Komisi IV Minta Mitra Kerja Buatkan Jawaban Tertulis

Metro- 05-01-2023 17:06
Ketua Komisi IV DPRD Sumbar, Zulkenedi Said pimpin rapat kerja bersama mitra, Kamis (5/1). (Dok : Istimewa)
Ketua Komisi IV DPRD Sumbar, Zulkenedi Said pimpin rapat kerja bersama mitra, Kamis (5/1). (Dok : Istimewa)

Penulis: Arzil

Padang, Arunala.com - Sejumlah organisasi perangkat daerah (OPD) di Pemprov Sumbar yang jadi mitra kerja Komisi IV DPRD Sumbar rapat bersama, di Padang, Kamis (5/1).

Rapat bersama itu membahas sejauh mana kinerja OPD itu mampu menyerap anggaran APBD Sumbar tahun sebelumnya.

Selain itu, pihak Komisi IV juga melakukan evaluasi dari kinerja OPD tersebut, termasuk membahas program kerja untuk 2023.

Pada rapat yang dilaksanakan Kamis itu, OPD yang hadir yakni PSDA Sumbar, Bappeda Sumbar dan Dinas PU Cipta Karya.
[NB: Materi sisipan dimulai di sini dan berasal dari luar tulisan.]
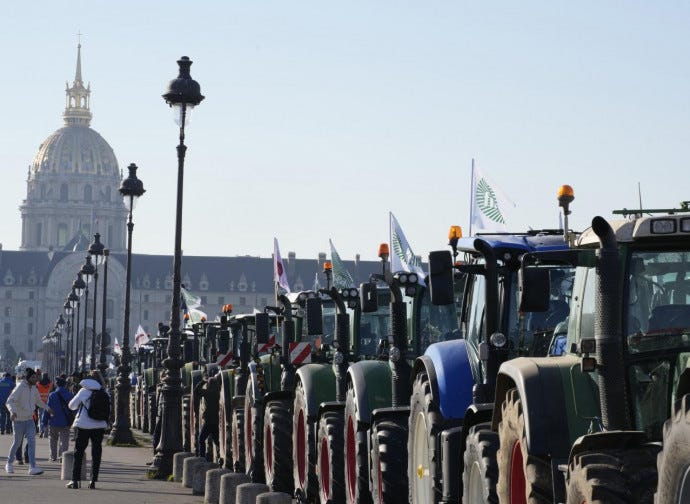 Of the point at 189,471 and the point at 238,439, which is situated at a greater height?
the point at 238,439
"Pertemuan kali ini, kami dari Komisi IV lakukan evaluasi kinerja untuk dari masing-masing OPD yang jadi mitra komisi ini. Juga kami ingin mengetahui sejauh mana realisasi serapan anggaran dalam laksanakan program kerjanya di 2022 kemarin," ungkap Ketua komisi IV DPRD Sumbar Zulkenedi Said dalam rapat tersebut.

Untuk Dinas PSDA dan Dinas Tarkim, Zulkenedi melihat dua OPD ini realisasi serapan anggarannya tidak sesuai dengan harapan.
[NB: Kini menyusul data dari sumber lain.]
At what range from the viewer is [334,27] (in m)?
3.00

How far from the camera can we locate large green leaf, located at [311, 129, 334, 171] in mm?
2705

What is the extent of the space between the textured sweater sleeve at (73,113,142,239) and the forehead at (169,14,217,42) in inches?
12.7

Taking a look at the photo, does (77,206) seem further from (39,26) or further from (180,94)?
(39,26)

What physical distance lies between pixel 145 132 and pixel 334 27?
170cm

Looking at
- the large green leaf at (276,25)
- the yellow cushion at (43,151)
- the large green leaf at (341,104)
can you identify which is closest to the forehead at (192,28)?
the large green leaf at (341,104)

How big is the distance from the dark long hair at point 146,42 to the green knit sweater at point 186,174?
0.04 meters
Kendati Komisi IV ini mendapatkan penjelasan dari OPD tersebut bahwa faktor cuaca yang menyebabkan tidak tercapainya serapan anggaran itu, namun Zulkenedi Said meminta OPD itu berikan penjelasan yang logis kepada Komisi, termasuk menerangkan apa saja program yang akan dibuat untuk 2023 mendatang.

Anggota Komisi IV lainnya, Muhammad Nurnas juga menegaskan agar OPD bisa memberikan jawaban secara tertulis, untuk pedoman dalam pengawasan anggaran mendatang.

"Jawaban tertulis itu kami minta sebagai pegangan bagi Komisi IV dalam melakukan pengawasan setiap program yang ada," tegas Nurnas.

Menyikapi apa yang diminta Komisi IV ini, kepala Dinas PSDA Sumbar, Fathol mengklaim, pelaksanaan pekerjaan di PSDA Sumbar sudah dilakukan dengan baik.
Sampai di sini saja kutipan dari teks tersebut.